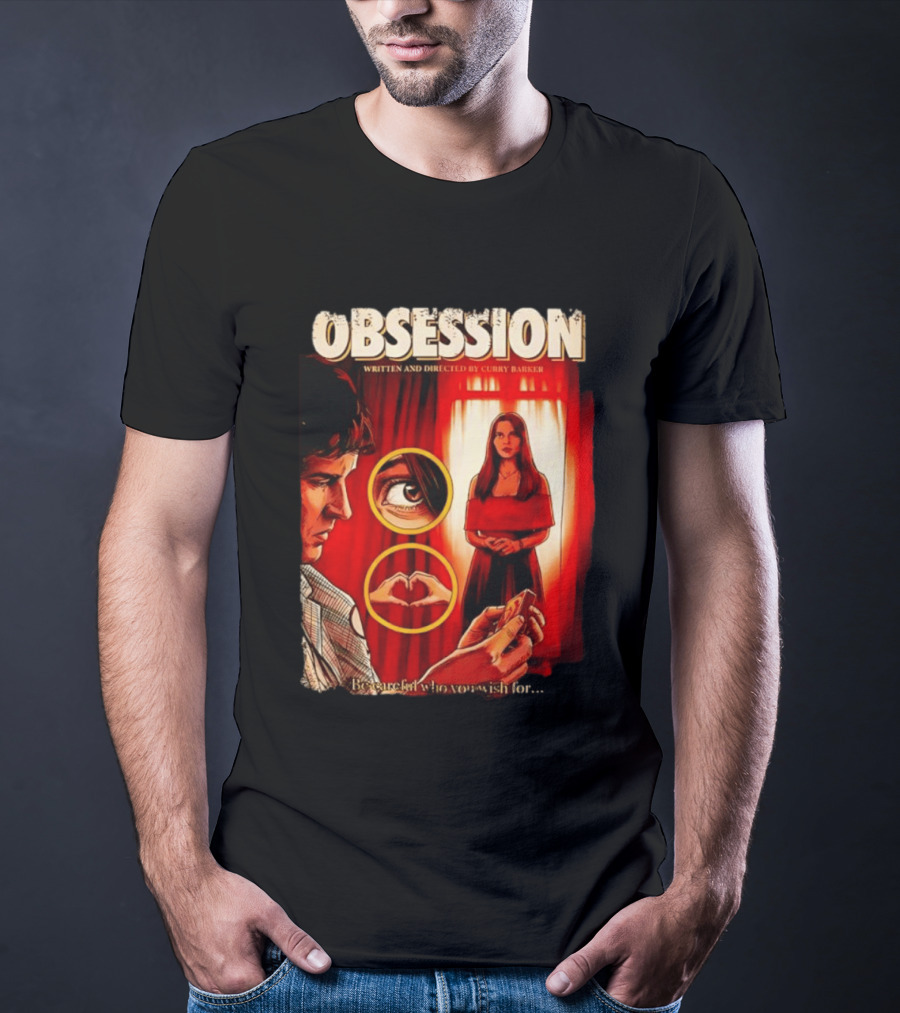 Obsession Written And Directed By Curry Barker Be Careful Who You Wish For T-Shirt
--
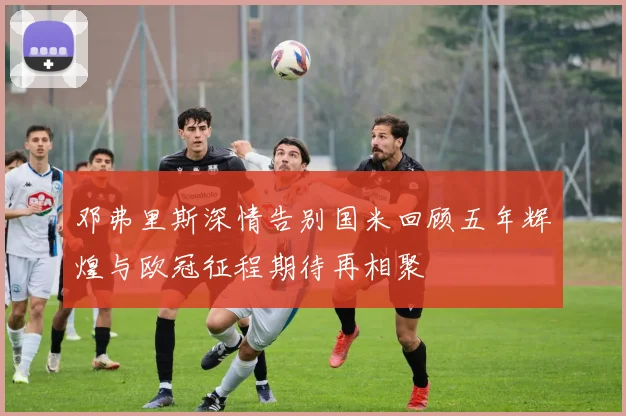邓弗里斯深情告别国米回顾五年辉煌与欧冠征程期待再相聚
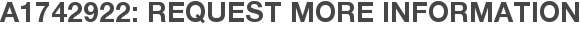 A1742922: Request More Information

• _Task statement_:
What you write out is the stretch of entries from the line containing "邓弗里斯深情告别国米回顾五年辉煌与欧冠征程期待再相聚" to the line containing "A1742922: Request More Information", word for word, with both end lines and no pictures.

• _Written response_:
邓弗里斯深情告别国米回顾五年辉煌与欧冠征程期待再相聚
 A1742922: Request More Information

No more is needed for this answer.